Saturday, October 24, 2009
Alicia Mortlock of Willo sometimes picks her needles up first thing in the morning and puts them up the last thing at night. Travel is a passion, and she considers writing her first love. You can link to her shop by clicking on the title Etsy Knitters and Crocheters on Parade.
Your bio says you love to travel, where have you traveled and where would be your next destination? Tell us the most fascinating place that you have either visited or would like to visit.
When I was young, I always knew that I could fly if I really wanted to. While Life has consequently clipped my wings, I still love to escape the confines of day-to-day routine whenever I can. To paraphrase JFK, ich bin ein europäischer, I am a European, and love Western Europe. I especially enjoyed eating honeyed meringues in a coffee shop in Belgium and comparing notes with the village women in Gozo (an island off Malta) as they crochet outside their houses. Closer to home, I’m not sure that the British coastline can be bettered. I love Cornwall and Northumbria, Norfolk and Suffolk. One of my favourite places is Dunwich, just an hour’s drive away. The fish and chips are delicious and the history of the place wonderful, especially for a writer. It was once an important medieval town, a prosperous seaport and centre for the wool trade, which has fallen, bit by bit into the ocean. Local legend has it that at certain tides, church bells can still be heard under the sea.
I’d love to go back to Italy. I went skiing there in my early twenties and fell in love with the country, if not with my skis.

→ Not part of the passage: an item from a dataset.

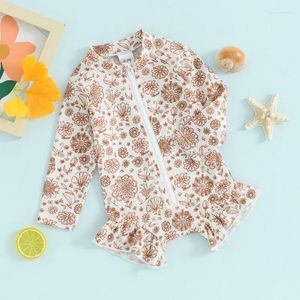 Set di abbigliamento Costume da bagno per bambina Rash Guard Pagliaccetti Manica lunga Stampa floreale Volant Cerniera Costume da bagno per bambino Costumi da bagno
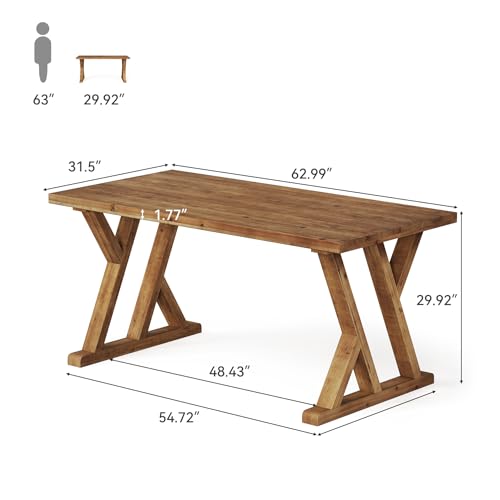 63" Solid Wood Executive Desk for Home Office, view 3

But rather than give you a next destination, can I cheat and tell you where I’d like to travel? Into the past. To meet up with a few relatives and give my son, Edward another hug. My granddad was a Marxist; a real working class hero back in the early 1900’s when it wasn’t such a term of abuse. He lived with us during the last few years of his life but I was only eleven when he died and didn’t quite appreciate what he was trying to tell me. He predicted the recent collapse of the banks and tried to explain to me how we are all part of one collective energy. Now that I properly understand how one starving, homeless or disadvantaged person lessens all of us, I’d love to talk to him again. Then I’d go visit my other granddad, one of the most influential people in my life. He was a gardener as well as a teller of tales and I need to ask him exactly what is wrong with my rambling roses at the moment.
What do you do in between the times that you pick your needles up in the morning and the time you lay them down at night?
My day always starts with breakfast and making sandwiches for Charlie, my seventeen year old daughter. As a feminist, I believe equality should be about choice. For everyone. In the past, I’ve had some pretty responsible (and relatively well-paid) jobs in Youth and Community Development. However, since my divorce, I’ve chosen to live in what I call ‘posh poverty’ in order to be there, physically as well as emotionally for Charlie, No one asks to be the daughter of divorced parents.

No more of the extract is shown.